Exercise details: Among the entries below, take the line with "Wira Tunggal Generasi" and the line with "Air Jordan 9 Retro Light Olive Concord", and output them and every line between them exactly, with nothing else.

Entries provided:
⁂

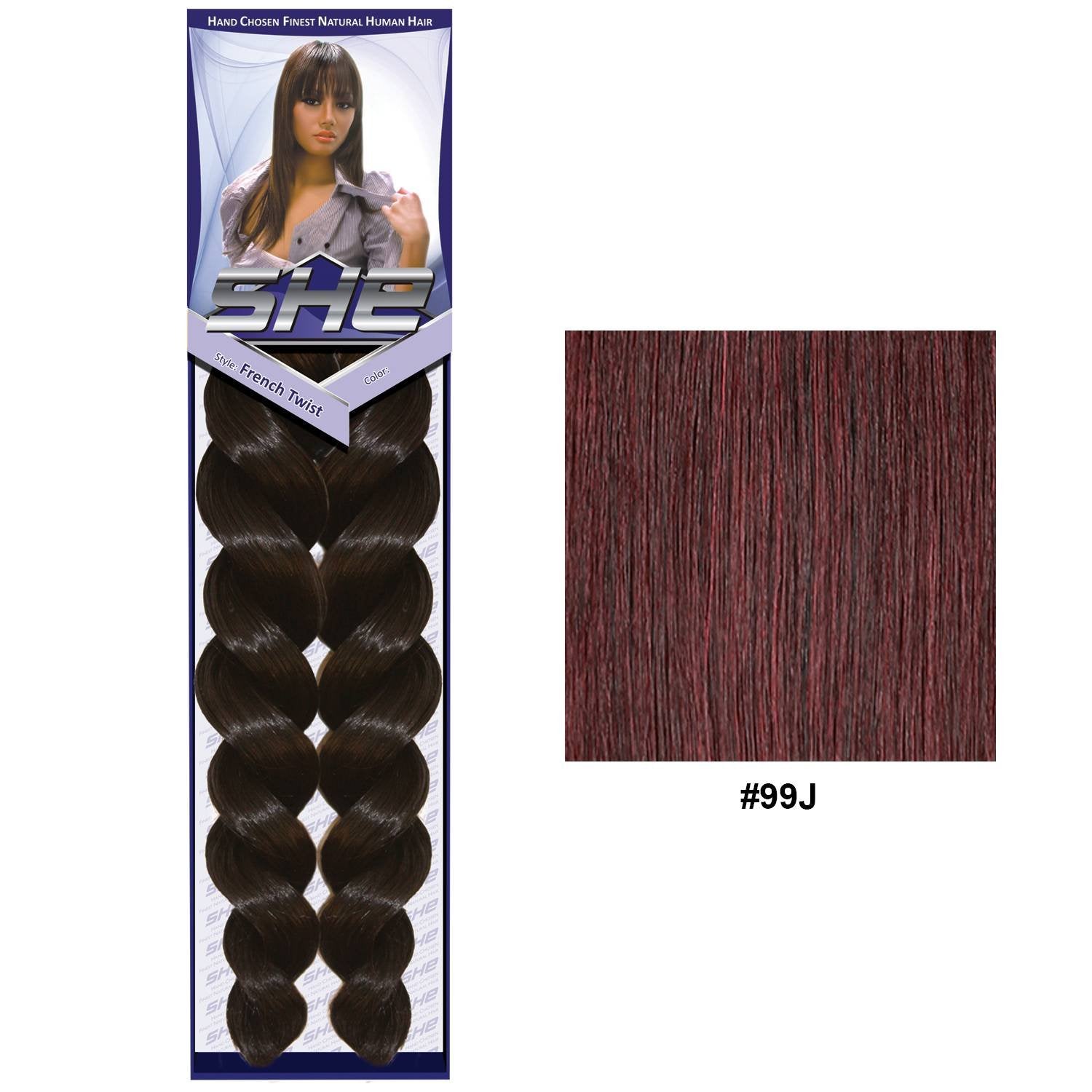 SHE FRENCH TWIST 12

⁂

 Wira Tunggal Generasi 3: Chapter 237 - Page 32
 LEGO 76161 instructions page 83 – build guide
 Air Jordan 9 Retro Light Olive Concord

⁂

Task output:
 Wira Tunggal Generasi 3: Chapter 237 - Page 32
 LEGO 76161 instructions page 83 – build guide
 Air Jordan 9 Retro Light Olive Concord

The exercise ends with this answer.